The solution to this problem was two-folded: on the one hand we needed to raise awareness with the journalists and on the other hand we needed to migrate as many “old” free HTML as we seemed fit/logical.
The first part was simple: We informed them via e-mail/their bosses/… and added a warning when adding free HTML.
The second part was a bit more complex: our content team analysed all articles that contained free HTML components which in turn contained HTTP-references and the number of times these appeared in the past 6 months. We then tested the top 100 for HTTPS support and contacted everyone who didn’t support HTTPS. To my surprise a lot of them migrated because we asked them. Some of them were already in the process of migrating and some others just didn’t bother.
The team then implemented a simple function that finds these components and replaces the HTTP-references with their equivalent HTTPS-references. This function was then executed on our entire archive, updating millions of articles. At this day it’s still executed when a journalist wants to add free html.
Just like advertising this took a few months. Migrating to HTTPS isn’t something that’s done overnight, and we couldn’t expect that from an external party. Let alone multiple external parties. Slow but steady both they and we were able to migrate successfully.
Reporting
So, we’ve fixed a bunch of problems with mixed content, but journalists can still add free html and ads can still reference http-resources. Luckily for us, there are some tools available that inform us of mixed content issues on our site. It doesn’t work proactively, but at least we’ll be notified as soon as mixed content appears.

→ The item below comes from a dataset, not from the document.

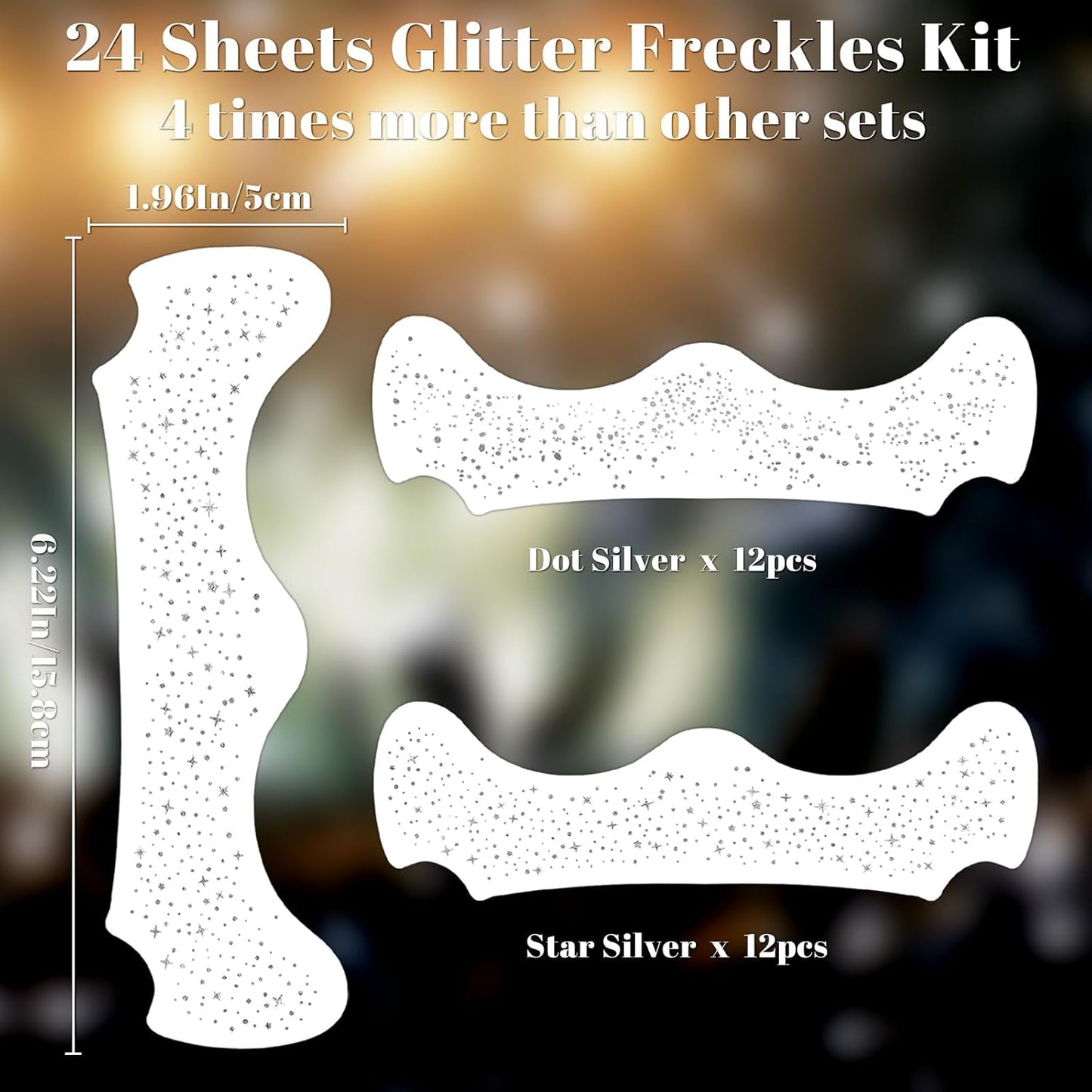 24pcs Glitter Freckles Face Tattoo - Silver Face Sparkle Freckles Temporary Tattoos for Women Girls, Waterproof & Long Lasting Freckles Makeup Patches for Party, Concerts, Daily Accessories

The one we use is Report URI (https://report-uri.io). The tool by itself is not enough though, we needed to implement the Content-Security-Policy response header on our website (start with Content-Security-Policy-Report-Only) and add the “report-to” and/or “report-uri” (will be deprecated in favor of the former) directives. We won’t go into any details as this is beyond the scope of this article. However, we will write a separate one in the near future just for this, as implementing CSP is a crucial step towards better security.
Looking back
It took us 5 to 8 months to migrate ~90% of our major news sites (23/25). And we still have a lot more smaller sites which we are gradually migrating too.

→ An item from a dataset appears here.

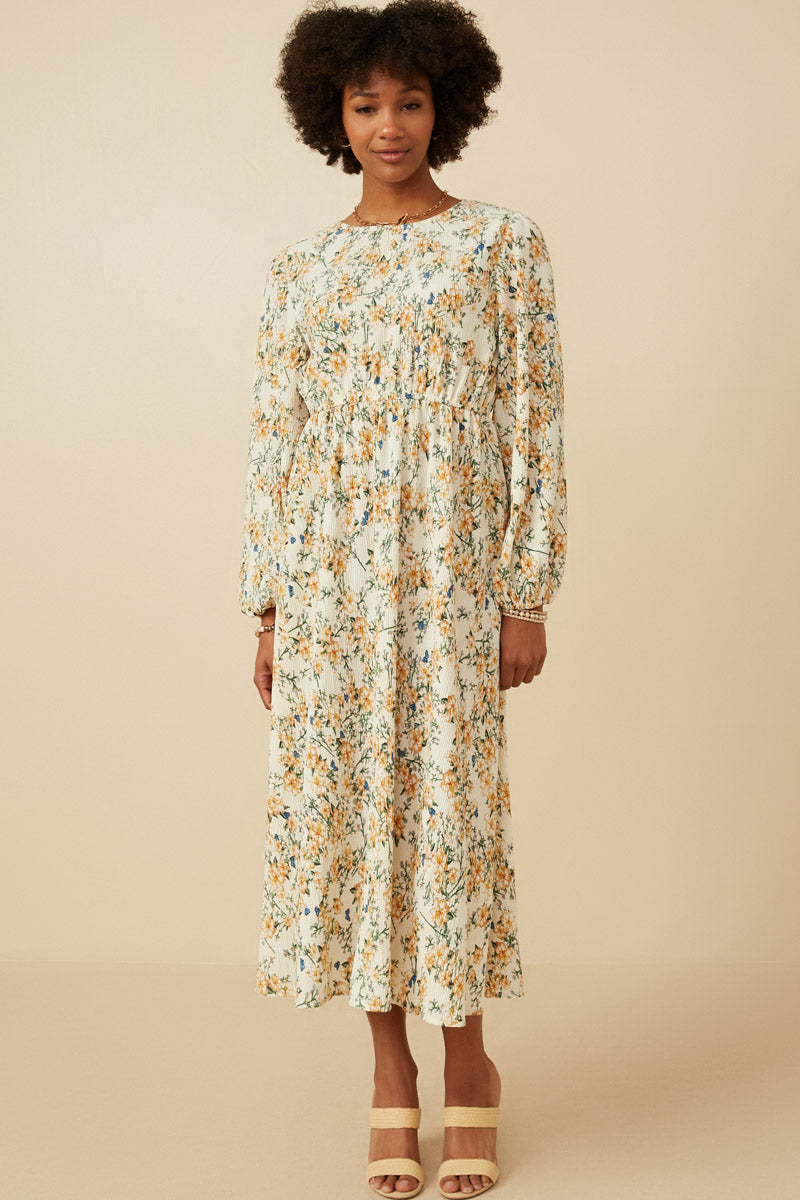 Botanical Print Puffed Long Sleeve Dress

When I first read the article of The Guardian has moved to HTTPS back in November 2016 I couldn’t believe how long it took them to migrate to HTTPS. I remember thinking “it was a sure thing” and “maximum 2 months and all sites are on HTTPS”. Oh boy, how naive of me… After going through the entire process myself, I can only applaud them for being one of the first media companies to have successfully migrated to HTTPS and for sharing their learnings with the rest of us. It helped guide us on our track.
If you haven’t read their article, take the time to do so. It’s definitely worth it.
What’s next?
Our HTTPS migration is still ongoing. Each month we’re switching more of our sites to HTTPS. Besides, we’re also actively implementing various security headers (Strict-Transport-Security, Content-Security-Policy and others) and we are working on building the perfect secure cookie.